Resting with Eighteen Million People
The first day of the break played out exactly as it needed to — which is to say, it involved just the right amount of not very much at all.
The highlight, if a single thing can be named, was breakfast.
For the past year, breakfast has looked largely the same every morning — a seven-day rotation of noodles, always accompanied by two boiled eggs and two bread rolls. I use the term bread rolls generously. The locals would call them that. To me, they have always felt more like small, well-intentioned bricks of flour that do the job without ever inspiring any particular enthusiasm. You eat them. You are grateful. You do not join a queue for them.
Shenzhen is a city of eighteen million people. Which means choice — real choice, the kind that requires a moment to actually consider rather than simply accepting whatever is in front of you. So this morning, in the company of a good friend, I sat down and ordered eggs Benedict and pancakes, and I will not pretend it was anything other than quietly magnificent. So quietly magnificent, in fact, that I am already planning to do exactly the same thing tomorrow.

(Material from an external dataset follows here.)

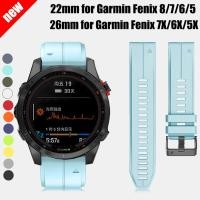 ราคา Quick Fit 26 มม 22 มม ซิลิโคนสําหรับ Garming Fenix 8 7 6 5 กีฬานุ่มทั่วไปสําหรับ Garmin Fenix 7X 6X 5X 7X Pro 6X Pro 5X Plus สร้อยข้อมือ (25794128241)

The rest of the day was spent deep in conversation with a close friend — the kind that covers nothing in particular and everything that matters, that wanders without direction and somehow always arrives somewhere worth being. Easy, unhurried, generous with its time.
Kung Fu and Tai Chi were nowhere near my mind today. And that, in itself, felt like a gift.
It was the rest I needed. The rest I wanted. The rest that, after the months that have just passed, I think I had genuinely earned.